In many ways, this book tells much about the way Dick Morris’ mind works. He makes connections between patterns of events, lots of connections. Written during his early thirties after several years as an urban economic analyst in New York city, BumRap attacked head-on right-wing claims that the cities are in trouble because of their liberalism. If he still hews to these views, Morris may advise his client, Bill Clinton, how to rebut Newt Gingrich who blames every thing from the soaring expenses of the health care industry to urban decay on the “liberal welfare state.”
Morris paid attention to profits and banks, to how little of the poverty program expenditures ever get past the merchants, providers and bureaucrats to the people in need. He wrote:
“The deficits of our urban governments are caused more by profiteering in the welfare and Medicaid program by the real estate, nursing home, medical equipment, medical education, social service, and hospital administration industries.” These are “the true welfare cheats,” he concludes after many pages of documentation.
“The fiscal instability of the American city,” he wrote, “dates not from a bank decision to avoid the risky bonds of fiscally irresponsible city administrations, but from the banking industry’s desire to abandon cities for more profitable forms of investment well before any basis for fiscal insecurity emerged. The decline in urban housing is not the product of liberal social policies or regulation of urban rentals, but rather is due to the refusal of banks to lend mortgages in American cities, which is, in turn, caused in part by the refusal of the federal government to insure such mortgages.”

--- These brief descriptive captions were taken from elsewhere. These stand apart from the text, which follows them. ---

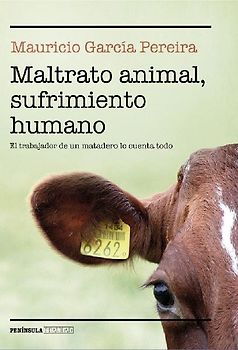Maltrato animal, sufrimiento humano : el trabajador de un matadero lo cuenta todo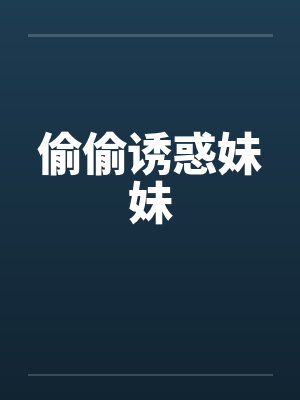 偷偷诱惑妹妹 偷偷诱惑妹妹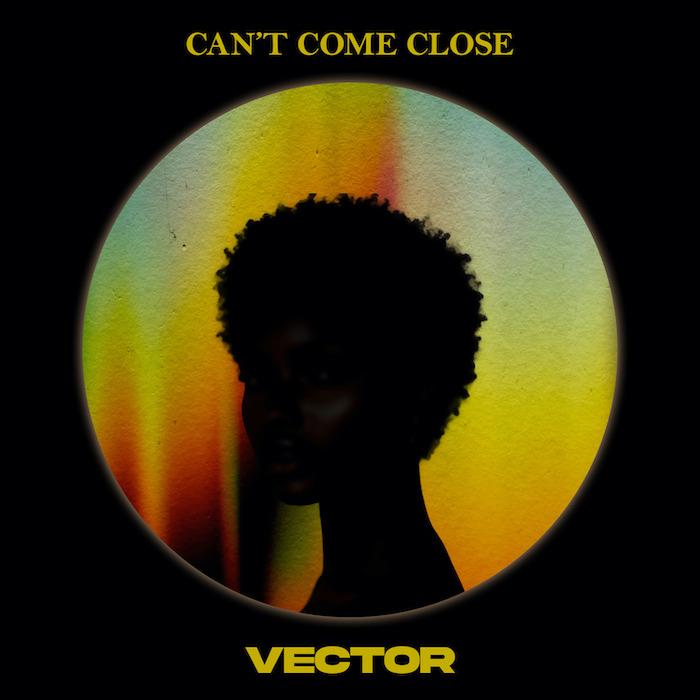 [DOWNLOAD MUSIC] VECTOR – CAN’T COME CLOSE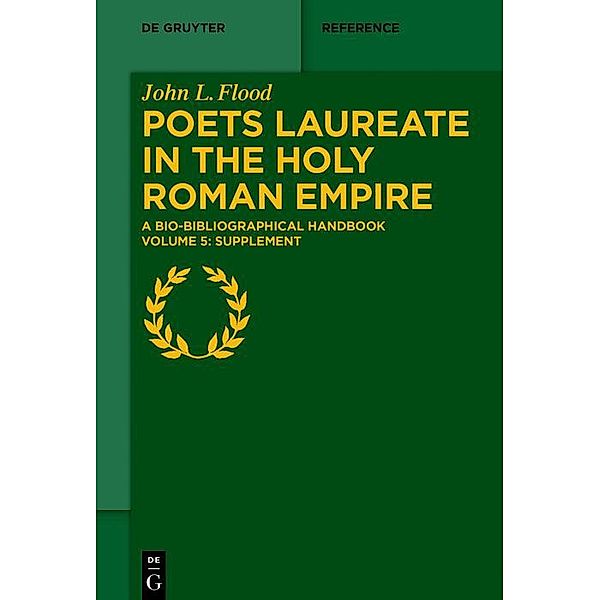 Poets Laureate in the Holy Roman Empire / De Gruyter Reference, John L. Flood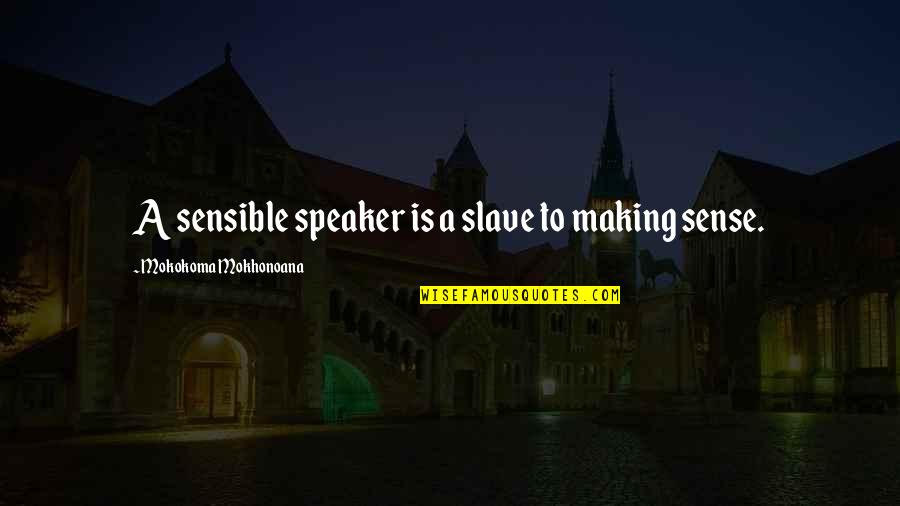 Money Not Being Able To Buy Happiness Quotes By Mokokoma Mokhonoana: A sensible speaker is a slave to making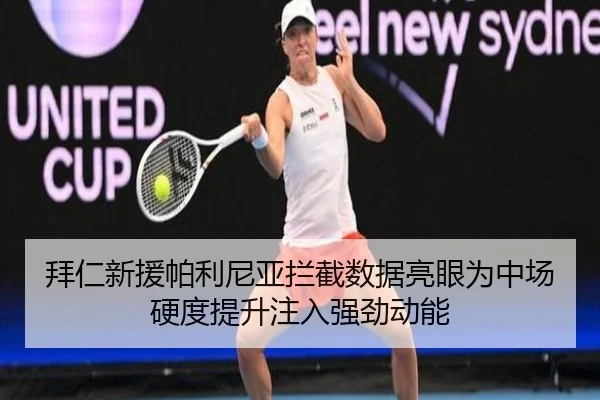 拜仁新援帕利尼亚拦截数据亮眼为中场硬度提升注入强劲动能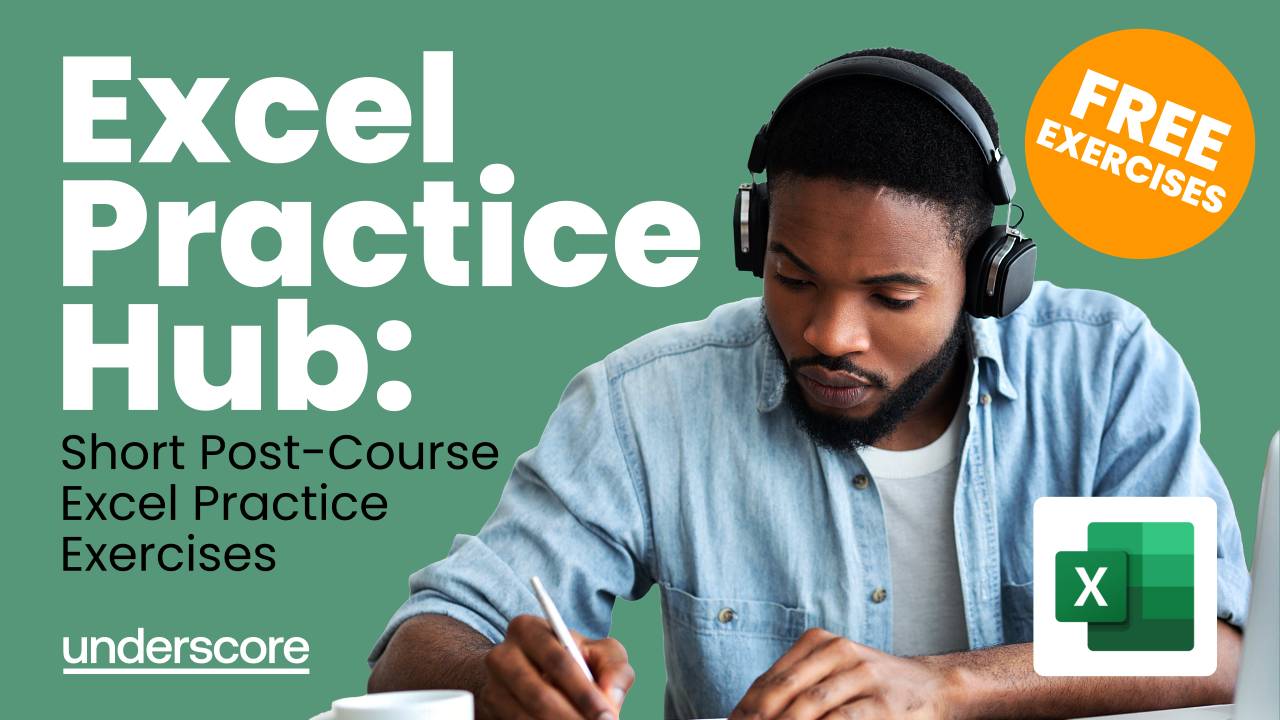 Man wearing headphones writing notes while working in Excel on a laptop, alongside large text reading “Excel Practice Hub: Short Post-Course Excel Practice Exercises” and an orange badge saying “Free Exercises”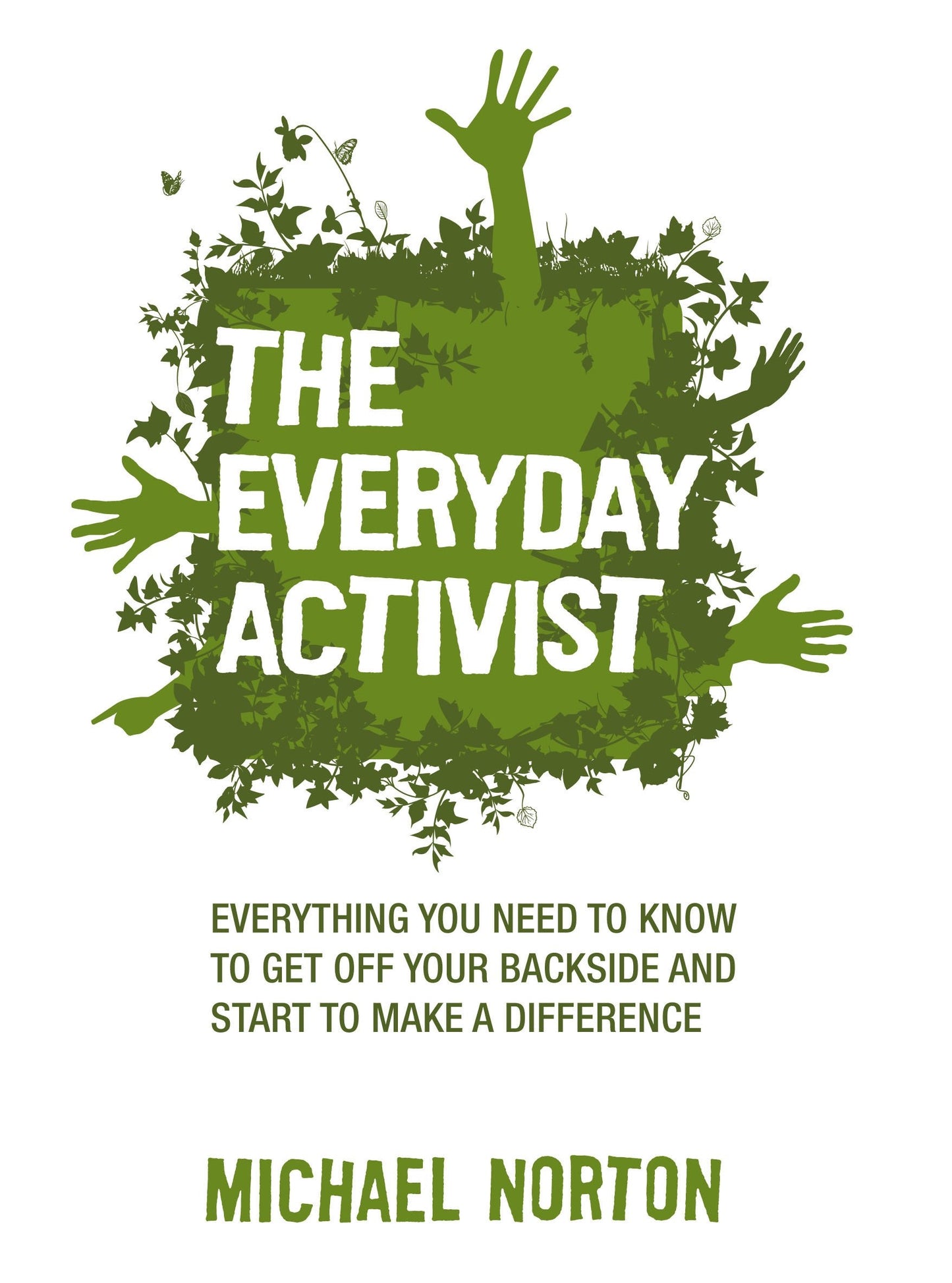 the everyday activist: everything you need to know to get off your backside and make a difference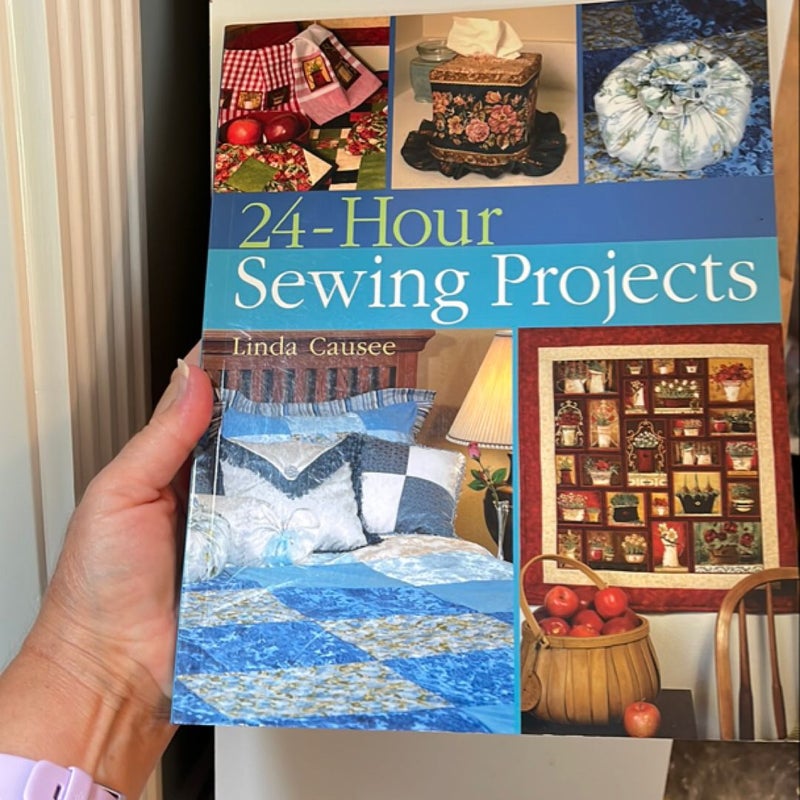 24-Hour Sewing Projects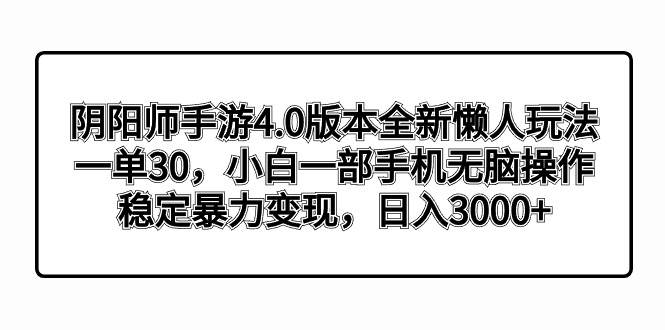阴阳师手游4.0版本全新懒人玩法，一单30，小白一部手机无脑操作，稳定暴力变现-杨振轩笔记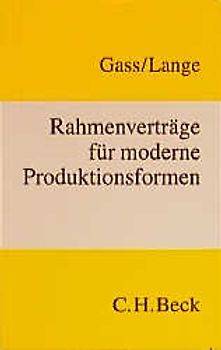 Rahmenverträge für moderne Produktionsformen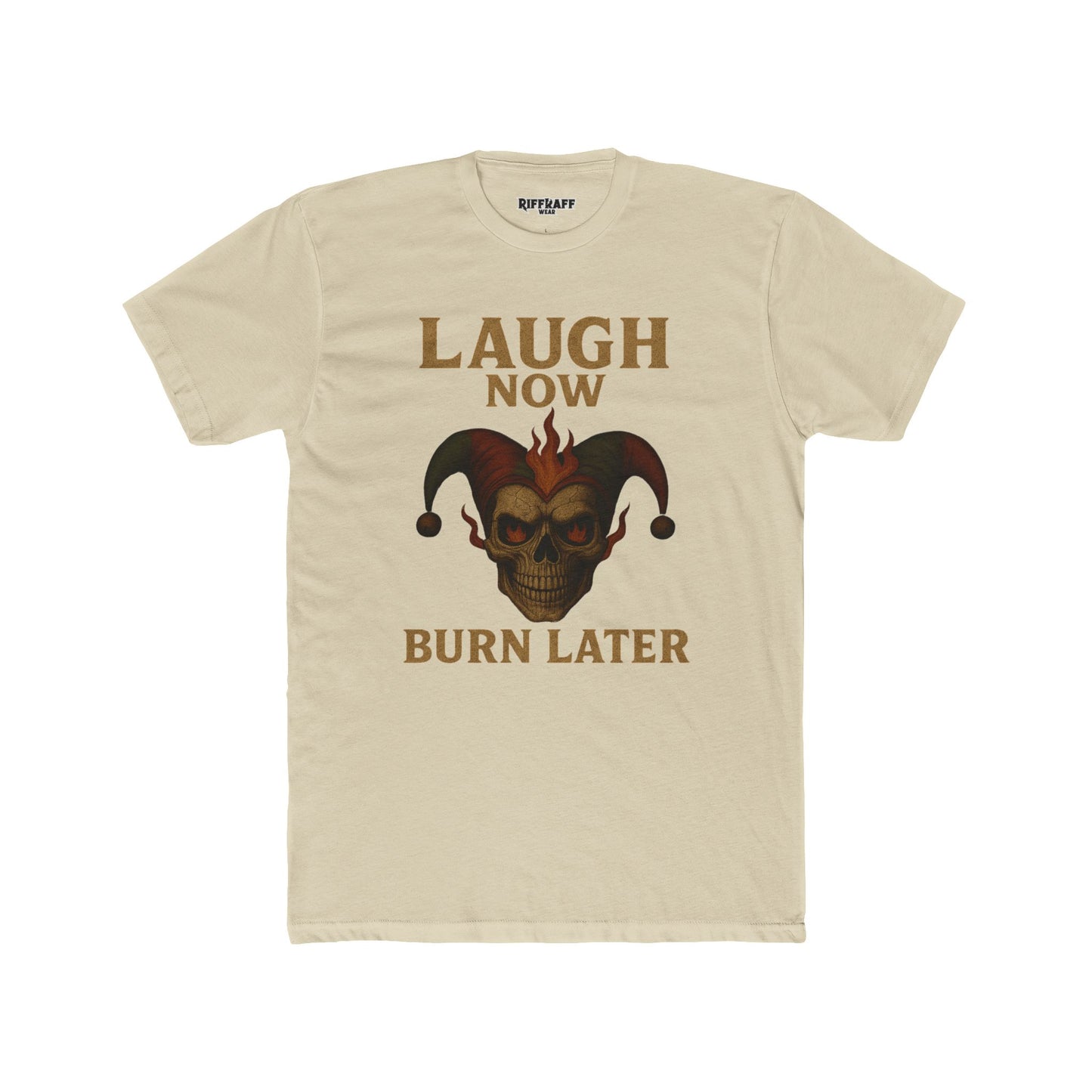 Funny Unisex Cotton Crew Tee - "Laugh Now Burn Later" Graphic Shirt Riff Raff Wear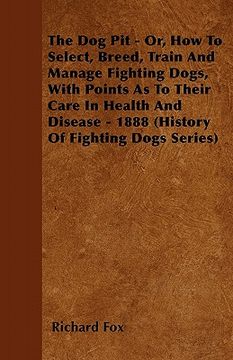 portada the dog pit - or, how to select, breed, train and manage fighting dogs, with points as to their care in health and disease - 1888 (history of fighting (en Inglés)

His book focused on northeastern cities, which explains why he made so much of the outflow of federal taxes from these cities to Washington compared to what is returned from Washington. But his chapters on “The Medicaid Mess” and “The Bank Strike” reveal his views and the intricate way he thinks and weaves causes into effects into causes.
A man of many antennas beamed toward politicians of widely varying practices, Dick Morris now perches his antenna from the White House. Capitol Hill Republicans, who once were served by Morris, now know, to their serious unease, that his antenna is now beamed at them.